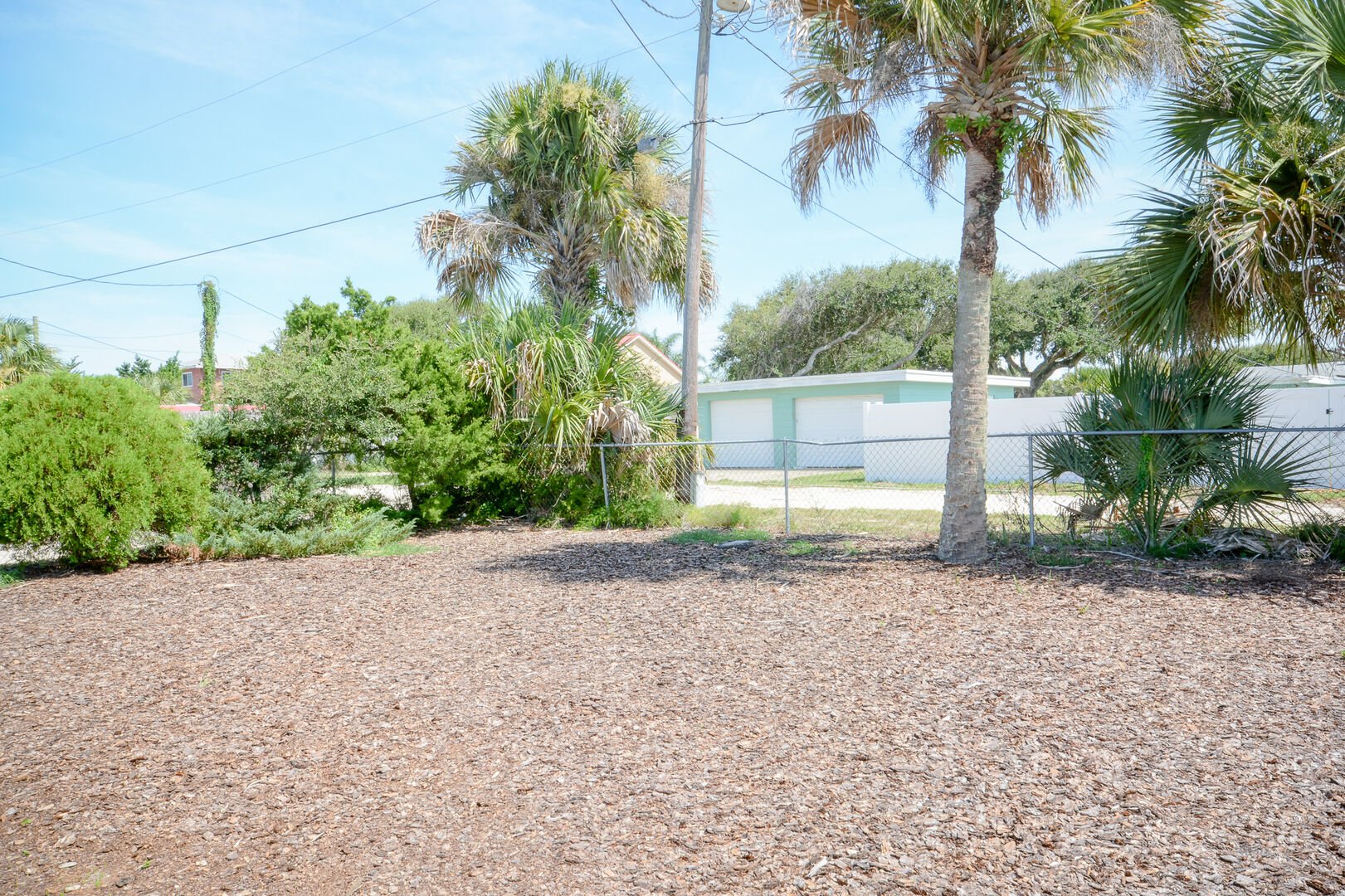 Fenced in Yard and Palm Trees at Vacation Home New Smyrna Beach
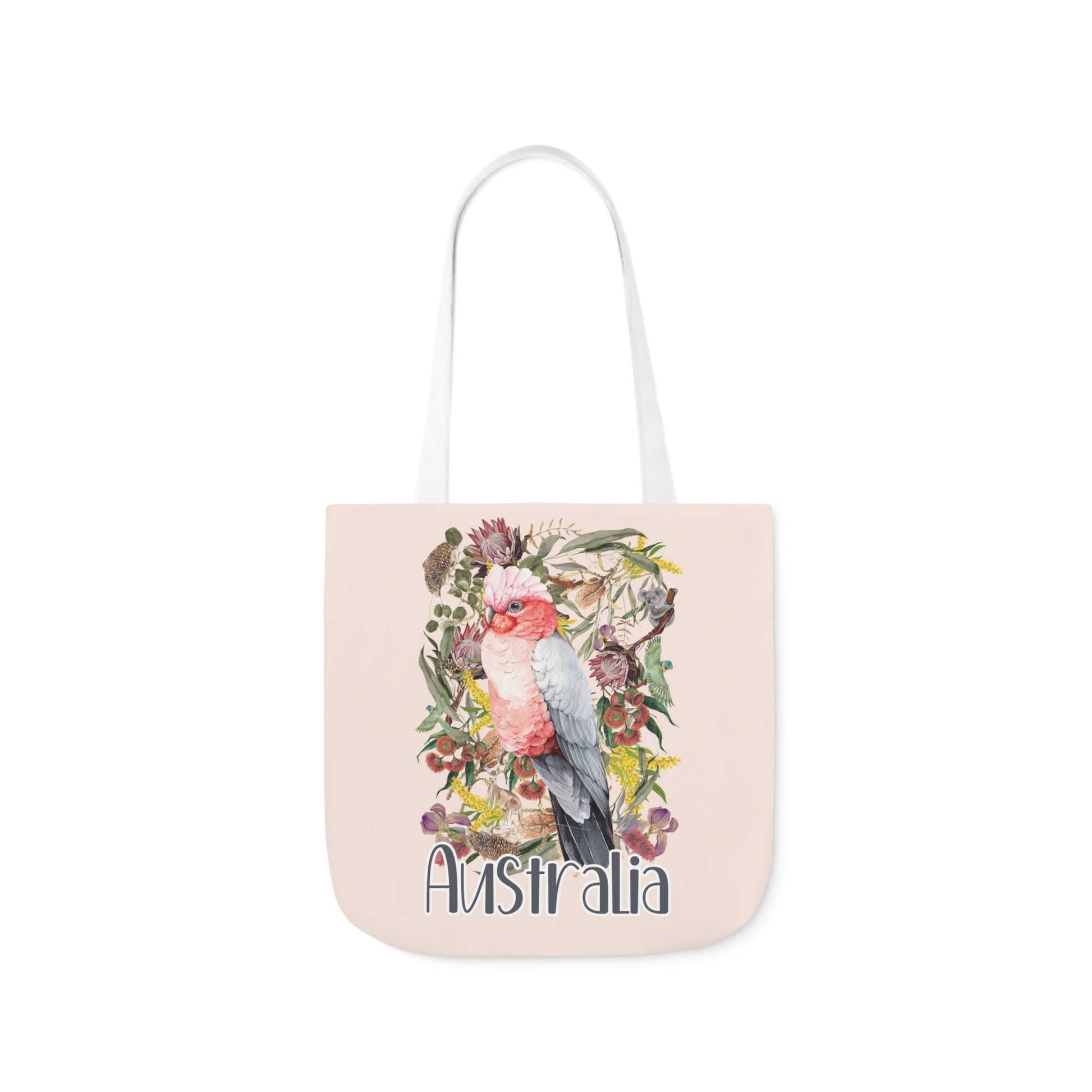 Australian Souvenir Canvas Tote Bag - Pink Galah design - Solei Designs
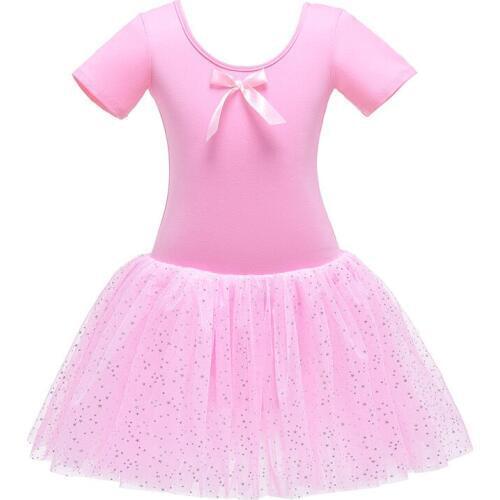 Pink Ballet Gymnastics Leotard Kids Ballet Costumes Children Ballerina Tutu Dance Clothes Short Sleeve Ballet Dress For Girls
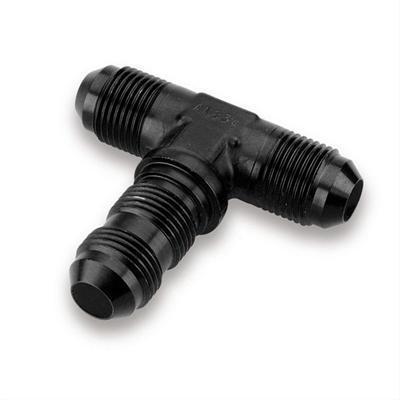 Earl's performance fitting tee adapter ano-tuff aluminum black anodized each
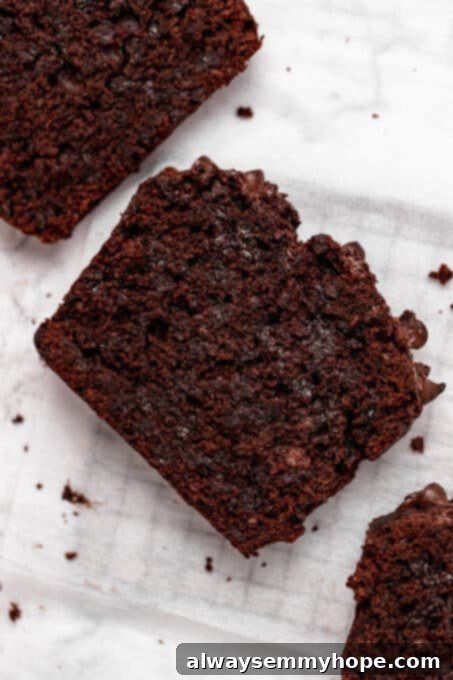 Fudgy Vegan Chocolate Banana Bread 15 A perfectly baked slice of chocolate chip banana bread resting on a cooling rack.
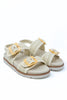 Feather Steps Big Buckle Raffia Sandals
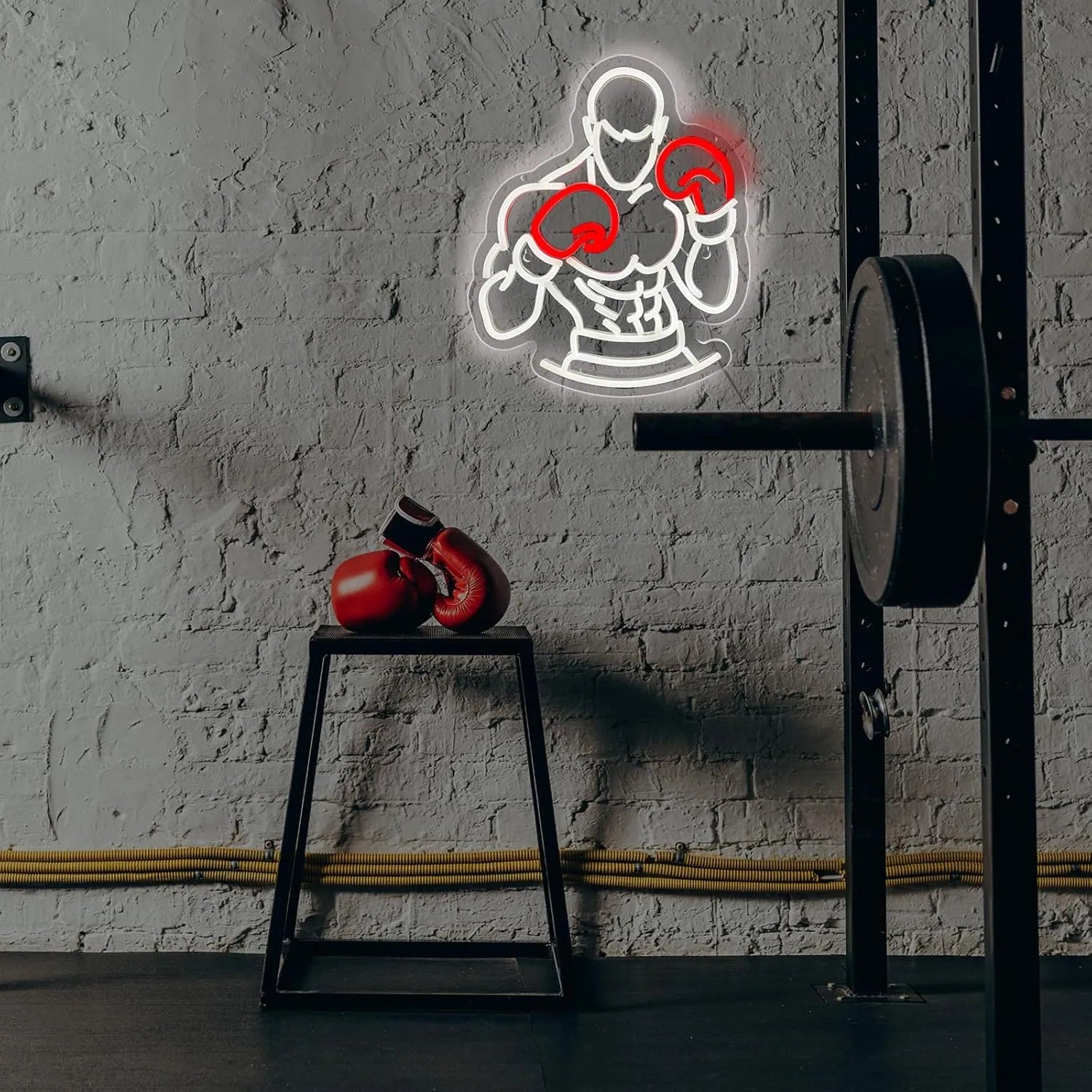 Boxer Silhouette Neon Light Wall Art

****

EXERCISE DESCRIPTION = Write out each entry exactly; any pictures stay out of the copy.

ANSWER SPACE =
 Fenced in Yard and Palm Trees at Vacation Home New Smyrna Beach
 Australian Souvenir Canvas Tote Bag - Pink Galah design - Solei Designs
 Pink Ballet Gymnastics Leotard Kids Ballet Costumes Children Ballerina Tutu Dance Clothes Short Sleeve Ballet Dress For Girls
 Earl's performance fitting tee adapter ano-tuff aluminum black anodized each
 Fudgy Vegan Chocolate Banana Bread 15 A perfectly baked slice of chocolate chip banana bread resting on a cooling rack.
 Feather Steps Big Buckle Raffia Sandals
 Boxer Silhouette Neon Light Wall Art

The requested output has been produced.